▶ Dataset entries:
++++

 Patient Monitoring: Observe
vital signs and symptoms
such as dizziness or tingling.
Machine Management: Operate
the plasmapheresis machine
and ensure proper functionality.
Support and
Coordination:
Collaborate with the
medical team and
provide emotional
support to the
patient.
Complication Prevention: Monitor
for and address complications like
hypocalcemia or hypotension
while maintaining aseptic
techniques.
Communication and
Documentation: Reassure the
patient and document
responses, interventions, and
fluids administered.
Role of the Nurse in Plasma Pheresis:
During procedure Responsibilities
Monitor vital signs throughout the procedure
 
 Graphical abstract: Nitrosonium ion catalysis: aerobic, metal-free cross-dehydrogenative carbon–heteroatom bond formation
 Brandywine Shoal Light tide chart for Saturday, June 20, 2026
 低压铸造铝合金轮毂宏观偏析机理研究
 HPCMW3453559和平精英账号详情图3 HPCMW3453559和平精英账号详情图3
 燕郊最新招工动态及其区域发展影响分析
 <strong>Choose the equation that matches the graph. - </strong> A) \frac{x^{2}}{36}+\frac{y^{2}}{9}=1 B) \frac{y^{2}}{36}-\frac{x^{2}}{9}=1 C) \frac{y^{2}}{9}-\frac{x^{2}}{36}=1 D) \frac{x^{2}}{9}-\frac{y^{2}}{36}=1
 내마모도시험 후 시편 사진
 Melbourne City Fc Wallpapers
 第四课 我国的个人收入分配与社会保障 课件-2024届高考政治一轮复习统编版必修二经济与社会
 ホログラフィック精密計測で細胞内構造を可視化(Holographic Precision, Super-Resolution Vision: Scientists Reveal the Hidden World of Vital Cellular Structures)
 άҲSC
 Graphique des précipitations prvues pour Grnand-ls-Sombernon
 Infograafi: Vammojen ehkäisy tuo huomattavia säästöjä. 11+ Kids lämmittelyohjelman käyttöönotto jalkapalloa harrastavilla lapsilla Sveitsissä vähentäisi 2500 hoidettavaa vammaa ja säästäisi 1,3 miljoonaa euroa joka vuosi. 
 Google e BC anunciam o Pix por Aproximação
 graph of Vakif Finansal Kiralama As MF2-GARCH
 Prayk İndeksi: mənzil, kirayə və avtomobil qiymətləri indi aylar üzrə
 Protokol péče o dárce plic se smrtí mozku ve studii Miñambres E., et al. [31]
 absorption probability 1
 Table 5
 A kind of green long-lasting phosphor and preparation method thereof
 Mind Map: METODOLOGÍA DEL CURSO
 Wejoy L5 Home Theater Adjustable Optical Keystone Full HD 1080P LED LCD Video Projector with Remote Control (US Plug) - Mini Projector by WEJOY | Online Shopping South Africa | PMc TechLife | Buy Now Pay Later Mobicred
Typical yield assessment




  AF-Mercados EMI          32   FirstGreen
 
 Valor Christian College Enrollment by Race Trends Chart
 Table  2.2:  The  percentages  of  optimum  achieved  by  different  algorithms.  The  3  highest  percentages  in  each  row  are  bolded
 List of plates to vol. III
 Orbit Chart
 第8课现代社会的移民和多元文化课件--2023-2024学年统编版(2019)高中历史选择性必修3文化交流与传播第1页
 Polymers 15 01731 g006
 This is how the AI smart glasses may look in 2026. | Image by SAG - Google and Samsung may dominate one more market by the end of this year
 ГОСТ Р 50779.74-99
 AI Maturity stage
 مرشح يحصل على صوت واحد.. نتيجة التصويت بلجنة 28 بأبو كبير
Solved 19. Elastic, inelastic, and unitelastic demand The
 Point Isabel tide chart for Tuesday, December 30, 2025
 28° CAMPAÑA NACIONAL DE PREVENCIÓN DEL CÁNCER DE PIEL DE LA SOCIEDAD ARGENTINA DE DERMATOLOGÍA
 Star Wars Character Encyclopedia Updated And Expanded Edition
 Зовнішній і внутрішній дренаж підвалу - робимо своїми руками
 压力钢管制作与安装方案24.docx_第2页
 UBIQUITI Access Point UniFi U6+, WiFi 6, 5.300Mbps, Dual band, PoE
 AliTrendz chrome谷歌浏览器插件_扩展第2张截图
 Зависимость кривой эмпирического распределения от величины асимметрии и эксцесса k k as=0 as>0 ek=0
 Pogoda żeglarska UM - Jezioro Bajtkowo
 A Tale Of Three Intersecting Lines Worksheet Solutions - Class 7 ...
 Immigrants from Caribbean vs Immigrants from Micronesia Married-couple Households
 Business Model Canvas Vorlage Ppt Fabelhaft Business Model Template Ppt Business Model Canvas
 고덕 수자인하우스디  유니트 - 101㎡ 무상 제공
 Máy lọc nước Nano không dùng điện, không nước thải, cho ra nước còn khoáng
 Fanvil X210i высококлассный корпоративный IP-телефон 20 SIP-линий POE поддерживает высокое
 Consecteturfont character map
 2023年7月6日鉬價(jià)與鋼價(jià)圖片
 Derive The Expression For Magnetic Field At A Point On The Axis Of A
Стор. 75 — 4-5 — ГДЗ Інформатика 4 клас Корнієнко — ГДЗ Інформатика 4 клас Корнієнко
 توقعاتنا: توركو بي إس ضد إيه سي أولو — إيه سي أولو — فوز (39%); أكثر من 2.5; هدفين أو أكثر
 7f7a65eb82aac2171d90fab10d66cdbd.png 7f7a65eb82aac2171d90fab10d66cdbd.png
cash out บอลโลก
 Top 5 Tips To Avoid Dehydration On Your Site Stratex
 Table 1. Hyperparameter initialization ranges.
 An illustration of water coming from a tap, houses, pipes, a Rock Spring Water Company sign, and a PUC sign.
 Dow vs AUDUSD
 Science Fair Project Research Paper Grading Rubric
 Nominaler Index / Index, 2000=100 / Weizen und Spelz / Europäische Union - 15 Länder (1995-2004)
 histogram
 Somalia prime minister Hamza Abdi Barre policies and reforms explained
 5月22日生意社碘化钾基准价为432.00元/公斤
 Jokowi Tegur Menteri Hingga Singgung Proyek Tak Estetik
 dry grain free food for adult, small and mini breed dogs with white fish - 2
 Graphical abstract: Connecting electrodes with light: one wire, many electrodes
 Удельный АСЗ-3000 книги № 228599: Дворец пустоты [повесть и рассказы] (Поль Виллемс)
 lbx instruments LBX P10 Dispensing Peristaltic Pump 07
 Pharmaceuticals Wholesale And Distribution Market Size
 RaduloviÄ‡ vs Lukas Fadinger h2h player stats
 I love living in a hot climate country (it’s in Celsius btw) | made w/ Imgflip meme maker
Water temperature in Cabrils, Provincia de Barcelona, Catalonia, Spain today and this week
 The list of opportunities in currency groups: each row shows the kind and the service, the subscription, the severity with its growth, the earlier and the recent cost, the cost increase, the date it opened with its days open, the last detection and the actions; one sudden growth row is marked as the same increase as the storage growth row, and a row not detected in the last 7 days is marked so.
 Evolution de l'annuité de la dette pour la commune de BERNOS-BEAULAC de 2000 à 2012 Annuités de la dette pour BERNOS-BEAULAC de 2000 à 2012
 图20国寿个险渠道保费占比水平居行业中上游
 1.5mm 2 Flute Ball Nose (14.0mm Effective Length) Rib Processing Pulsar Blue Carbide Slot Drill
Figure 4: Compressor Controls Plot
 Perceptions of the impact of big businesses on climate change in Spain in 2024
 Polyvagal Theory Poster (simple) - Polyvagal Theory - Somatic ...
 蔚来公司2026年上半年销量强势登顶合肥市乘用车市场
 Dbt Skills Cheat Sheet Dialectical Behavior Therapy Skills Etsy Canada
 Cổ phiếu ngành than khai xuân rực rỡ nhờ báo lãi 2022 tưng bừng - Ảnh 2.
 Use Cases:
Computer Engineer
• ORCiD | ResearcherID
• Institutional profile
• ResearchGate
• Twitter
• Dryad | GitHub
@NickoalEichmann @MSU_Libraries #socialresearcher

++++

▶ Goal of the exercise: Gather each line in the data that holds the string "Spain".

▶ Answer box:
Water temperature in Cabrils, Provincia de Barcelona, Catalonia, Spain today and this week
 Perceptions of the impact of big businesses on climate change in Spain in 2024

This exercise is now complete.